Groupthink may also be related to something known as the bystander effect. People who witness an emergency are far less likely to act if they are in a group. There was a series of classic studies conducted about the bystander effect in the late 1960s, and in one it was discovered that 70% would help a woman in distress if they were the only witness, but when other people were present, that number dropped to 40%.

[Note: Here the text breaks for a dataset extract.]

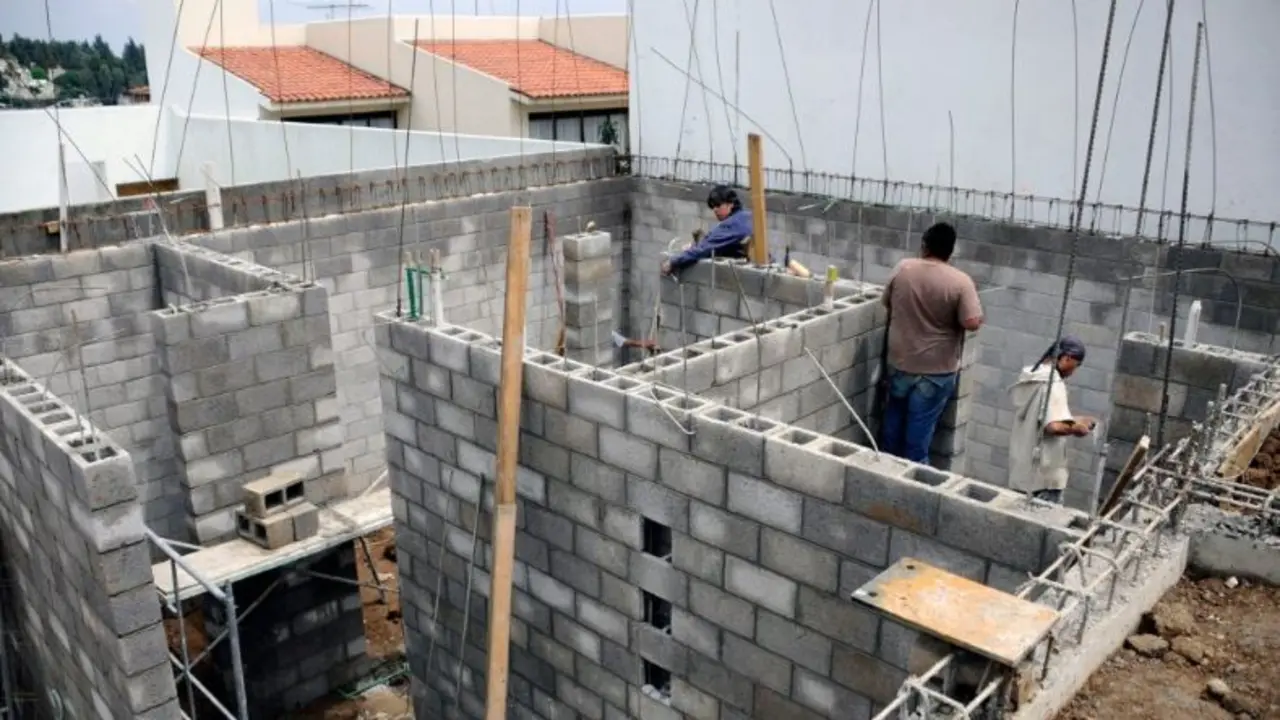 Construcci&oacute;n de casas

During World War II, after the Nazi occupation of France, there was a well-known resistance movement that arose. It started off slowly with isolated and unorganized efforts to stymie the Germans and the collaborationist French Vichy government. In time, it grew into an effort that was considered a significant help to the Allies and ultimately was depicted admirably in movies, books, and other forms of popular culture. But, here is the reason I’m telling you this — at its height, the French Resistance consisted of maybe 5% of the population. Actually, 5% is a ridiculously generous estimate. It was probably closer to 2-3%.
The Nazis took over France, and for the most part, the nation stepped into groupthink that dared not contradict Nazi ideology. And, to be fair, the Nazis had a tendency to kill people, so I’m not sure how harshly we can judge 95% of 1940s France.
I wonder who the first one was? The first French citizen who said to themselves, “This is not right. I can’t go along with this.” Who was the one who saw the lady in distress and thought to themselves, “Damn the crowd. I have to save the lady.”
We’ll likely never know the one or the many ones in different villages and towns who followed a simultaneous call to resistance. All we know is that once they dared to take a stand against a wrong, others joined them.
It has been said that one person with courage makes a majority. Every time I hear that saying, I think about the Mahatma Gandhi, and I think about Harriet Tubman, and I think about Galileo, and Nelson Mandela, and Ida B. Wells, and Martin Luther King, Jr. People who dared to stand against groupthink, even if they had to stand alone at times, and how their courage attracted others, and how a synergy developed that, if not exactly a majority, became stronger than the majority, for the synergy of courage in just a few is stronger than the facade of power held by a majority of conformists.
Most of us won’t become a Rosa Parks or Frederick Douglass, but we may face an opportunity at some point in our lives to be the unknown origin of a noble resistance, the first to show the courage that will blossom into a synergy that may well change the world.